9. Web: #penisbeaker
"Do you dunk your penis?" Sara Crewe quietly posted on the Mumsnet parenting website. "We have a dedicated post-sex cleanup area on the bedside table. A box of tissues, a small bin, and a beaker of clean water for temporary cleaning/dunking while the bathroom is occupied by me." Cue instant viral notoriety.
8. Culture: Virgil, Chaucer, Morrissey…
The decision by Penguin to publish Morrissey's k autobiography in its first edition as a Penguin Classic – ranking it alongside The Aeneid and The Canterbury Tales – is officially the silliest publishing decision of the year.
7. Politics: Crack team
This is exciting: Paul Flowers, the former chairman of Co-op Bank and a Methodist minister; Rob Ford, mayor of Toronto – if we can find just one more portly authority figure allegedly dabbling in crack, we can get a Tumblr page up and running.

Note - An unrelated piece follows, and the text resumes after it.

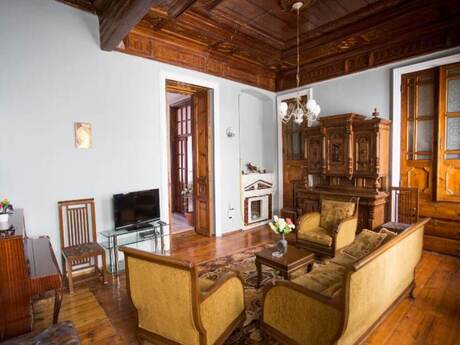 5 otaqlı həyət evi/bağ evi - İçəri Şəhər m. - 200 m²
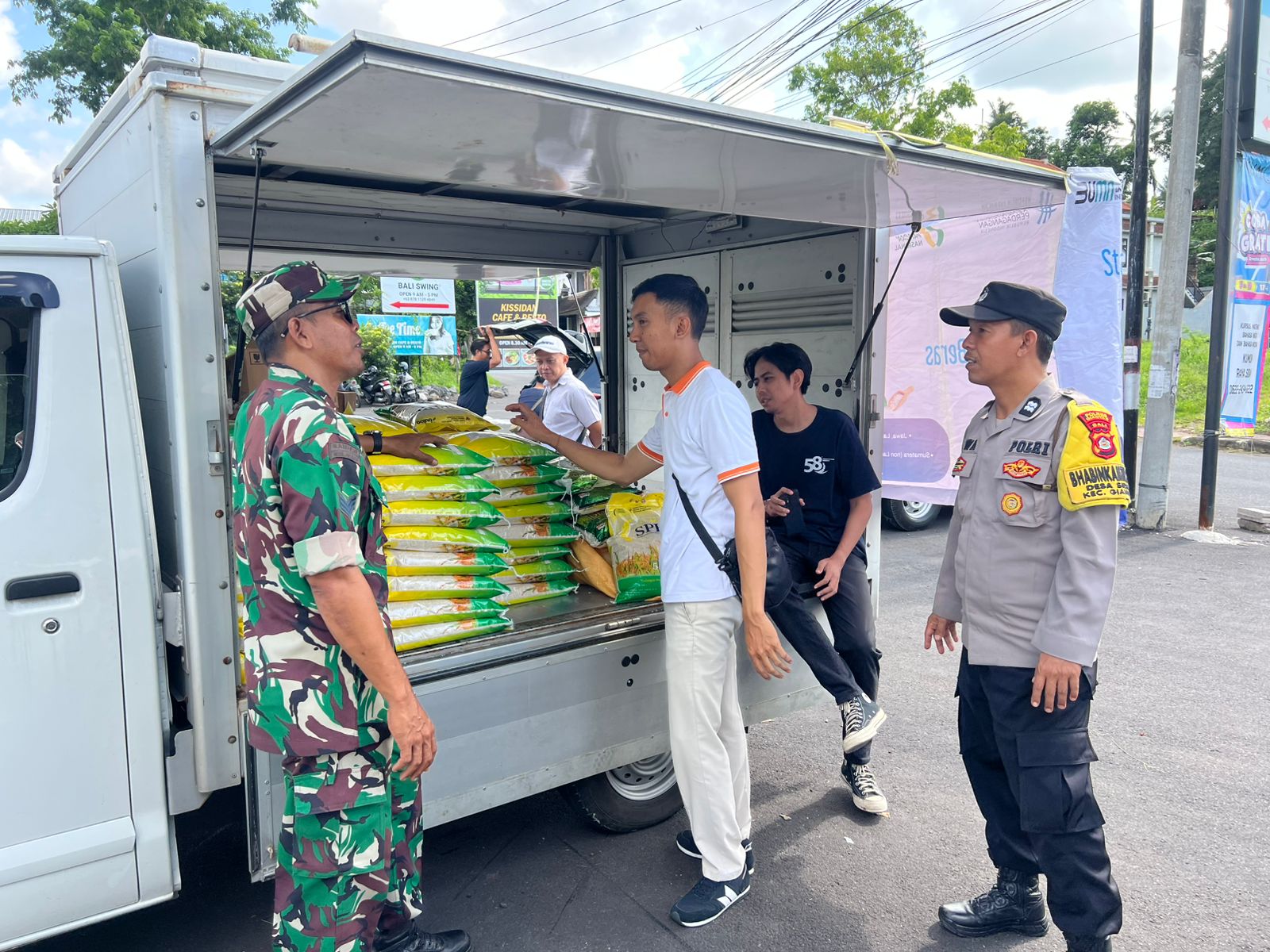 DIKAWAL : Pasar Murah di Tegallalang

6. Technology: Slip into something a little more digital
This is the year that wearable technology got serious. And then again, not so much… The speccy computer Google Glass was daft enough, as was Samsung's computer watch. Then came news that Google had also developed a talking shoe. Sony, feeling left out, filed a patent for something called a SmartWig. Don't wear them all at once…
5. Celebrity: The rule of J-Law
It's every Hollywood star's nightmare: she tripped while climbing the steps to collect that best actress gong – though looking at the enormous meringue-style Dior dress she was wearing, it's little wonder. But her klutziness, her mortification, and her flip-the-bird response to questions about it at the press conference… it just intensified the universal Jennifer Lawrence crush
4. News: Financial armageddon
In a bad year all round for the City of London came news that one of its spanky new skyscrapers, 20 Fenchurch Street, didn't just look like a 37-storey tall walkie- talkie, it also had a death ray! Or rather, at a certain time on a clear day, the sun's beams were briefly reflected and concentrated on one spot below – in the case of Martin Lindsay in September, on to his Jaguar, melting its wing mirror and a panel.
3. Politics: Herr Farage
The Ukip leader Nigel Farage was on the BBC busy defending himself against all sorts of allegations about off-colour goings-on as a young man, when, alas!, a transmission glitch appeared to endow Farage with a moustache last seen on a political leader who liked Europe so much he decided to invade most of it 70 years ago.
2. Culture: Mutant food!
It was a year of mad cross-breeding in the bakery: the cronut (croissant and doughnut); the townie (tartlette and brownie); the brookie (brownie and cookie); the muffle (muffin plus waffle); the macanut (macaroon and doughnut); the peanoche (peanut butter-infused brioche); the duffin (doughnut and muffin). One of these is completely made up by the way…
1. Celebrity: Foaming at the mouth
When confronted by the sight of Miley Cyrus's gyrating backside at the MTV awards, many of us felt a deep confusion. Was this just terrible dancing? An example of racist appropriation? Or a major setback for feminism? Oh no. According to Steve Chmelar, inventor of the giant foam finger, this was much, much worse: "She took an honourable icon that is seen in sporting venues everywhere and degraded it. Fortunately, the foam finger has been around long enough that it will survive this incident."